Read what critics are saying about the faith-based film ‘The Case for Christ’ and the Chris Evans starrer ‘Gifted.’
Beloved blue Smurfs and elderly bank robbers are among what’s headed to theaters this weekend in Smurfs: The Lost Village and Going in Style. Also in theaters are star-studded titles, including Chris Evans in Gifted and Anne Hathaway in monster film Colossal, along with the release of the faith-based film The Case for Christ. Read on to find out what The Hollywood Reporter‘s critics are saying about the weekend’s new offerings — as well as which film will likely top the weekend box office.
Smurfs: The Lost Village
The Smurfs are back and with an all-star cast including Julia Roberts, Ariel Winter, Joe Manganiello, Ellie Kemper, Demi Lovato and Meghan Trainor. The family feature, directed by Kelly Asbury, delivers a feminist angle along with entertainment that film critic Frank Scheck wrote should “please its target audience” of young children.
Going in Style
Michael Caine, Morgan Freeman and Alan Arkin play struggling retirees who turn to larceny after their pensions are dissolved. Helmer Zach Braff’s comedy is an updated version of the 1979 film starring George Burns, Art Carney and Lee Strasberg. Film critic Sheri Linden writes in her review that although the film revolves around a bank heist, “the real crime in Going in Style is its waste of acting talent.”
The Case for Christ
An investigative reporter and atheist sets out to disprove his wife’s newfound faith in the indie film, which is based on Lee Strobel’s best-selling book.
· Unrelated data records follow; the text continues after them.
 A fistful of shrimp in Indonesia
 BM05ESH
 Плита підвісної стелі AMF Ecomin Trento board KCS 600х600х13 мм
Mike Vogel, Erika Christensen, Faye Dunaway and Robert Forster star.
Chris Evans takes a break from playing Captain America to star in Marc Webb’s comedy-drama about a single father fighting for custody of his 7-year-old child genius niece. McKenna Grace, Jenny Slate and Octavia Spencer also star. Scheck writes, “despite its recycled tropes, the comedy-drama manages to be both funny and moving even if its emotional manipulations are fully apparent.”
Anne Hathaway can now cross making a monster film off her list. The actress stars in Neon’s film about an out-of-work girl who leaves her New York partying lifestyle to battle a giant Godzilla-like creature in South Korea. Film critic John DeFore writes in his review, “The cast’s likability keeps us on board, watching the sometimes baffling behavior onscreen just like those on the streets of Seoul, who gape up at a monster in horror but can’t make themselves flee to the suburbs.”